In ogni società vigono delle tacite, sottintese classificazioni in base alle quali gli uomini sono considerati più o meno importanti. Non v’è dubbio che occupare posizioni di preminenza rende importanti, così come possedere beni materiali, o essere artisti affermati o uomini di cultura. Quando tu pensi ai tuoi fratelli umanamente importanti, tu lo fai non dico con invidia ma con una sorta di rammarico per non avere tu stesso una vita agiata, o illustre, o famosa. Eppure, fratello caro, la vita di ciascuno non può essere giudicata con questo metro della convinzione umana, ma è più giusto dire che per ciascuno la vita è importante solo se lo è stata nei confronti degli altri o se è servita a comprendere il suo vero significato. Vedi i tuoi fratelli che si affannano per raggiungere le posizioni sociali importanti: sappi che fanno tutta quella fatica per convincersi della inutilità della loro ambizione.
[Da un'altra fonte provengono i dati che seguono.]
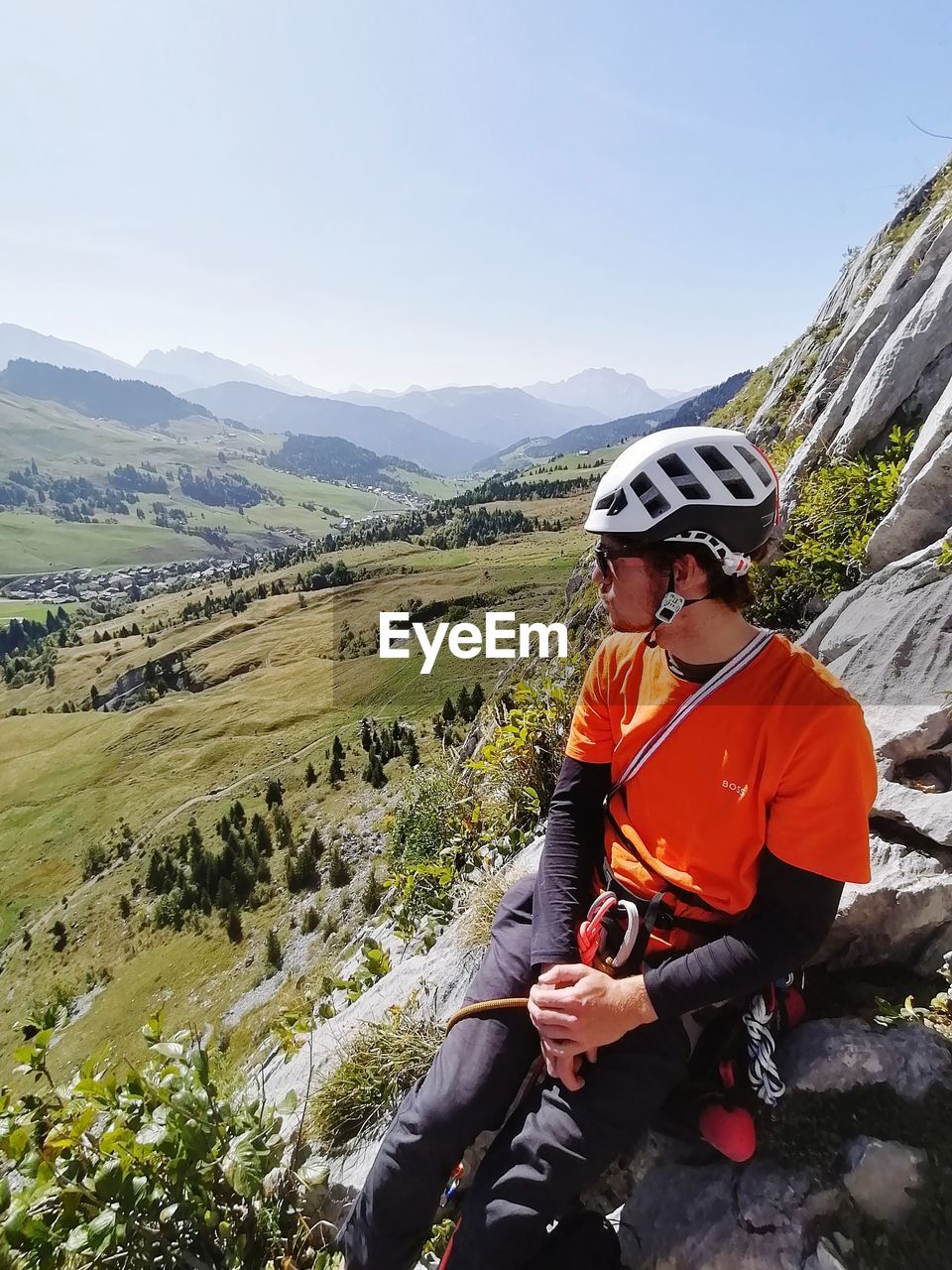 Young man sitting on mountain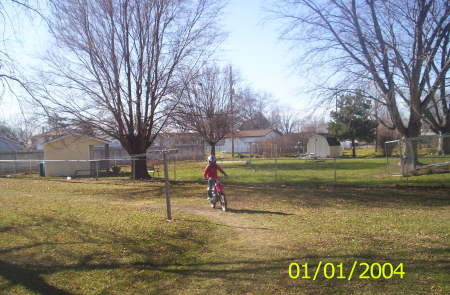 Jenna riding Billy's motorcycle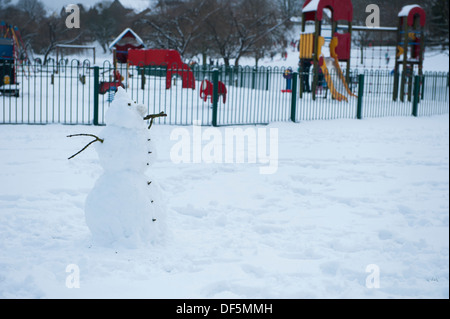 Cold winter scene with solitary snowman standing by children's play area in fresh white snow - Ilkley park, West Yorkshire, England, UK. Stock Photo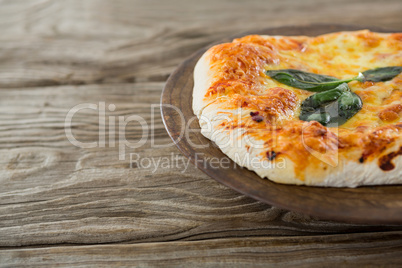 Italian pizza served in a tray on a wooden plank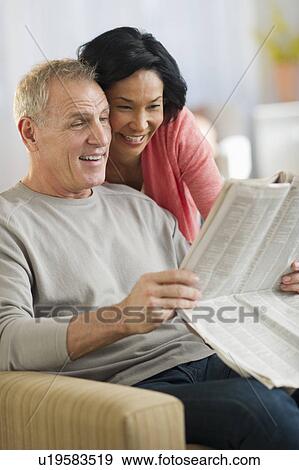Mature couple sitting in armchair, reading newspaper View Large Photo Image Stock Photo - Mature couple sitting in armchair, reading newspaper. Fotosearch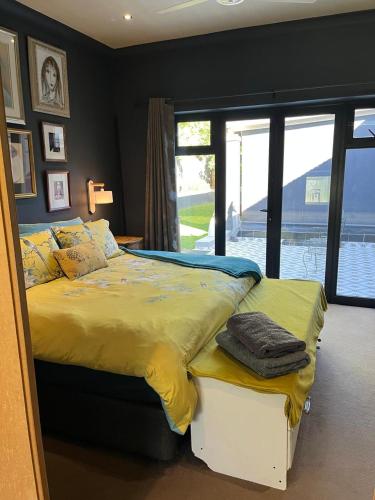 a bedroom with a large bed with a yellow comforter at Franschhoek Guest Suite in Franschhoek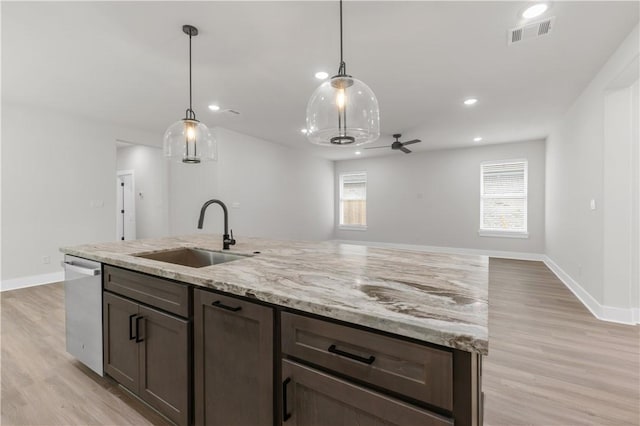 kitchen featuring pendant lighting, sink, a kitchen island with sink, stainless steel dishwasher, and light stone countertops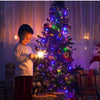 A young boy stands next to a brightly lit Christmas tree decorated with colorful lights and ornaments.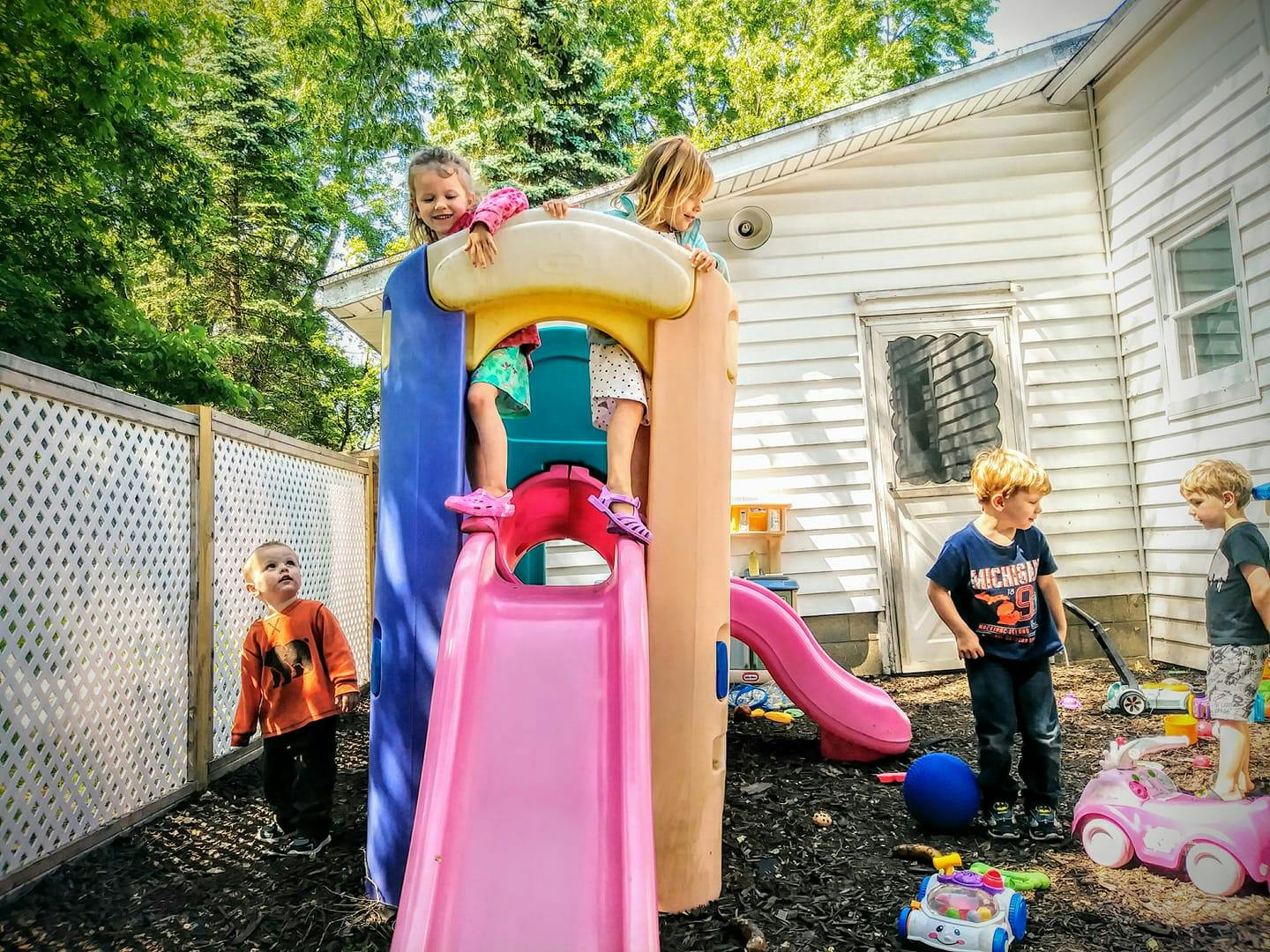 Children playing on a slide and playground structure outdoors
Credi forse che chi si affanna per essere al centro dell’altrui attenzione, per accumulare sempre di più, sia più sereno di chi ha superato tutto ciò e meglio comprenda il valore della vita? Ti auguro, fratello caro, che tu possa comprendere il valore e il vero significato del vivere, perché così facendo non sarai più trascinato dalla preoccupazione di cose che non debbono preoccupare e dalla cura ansiosa di ciò che non vale, dal desiderio di possedere ciò che, veramente, mai può essere posseduto nel vero senso. E ciò corrisponde all’ineffabile serenità e beatitudine della vita liberata.
OM MANI PADME HUM!
[1] ESSERE E DIVENIRE NELL’INSEGNAMENTO DI DALI E DEL FRATELLO ORIENTALE. Scuola del Cerchio Firenze 77, (a cura di Vitaliano Bilotta). Roma: Edizioni Mediterranee, 1998.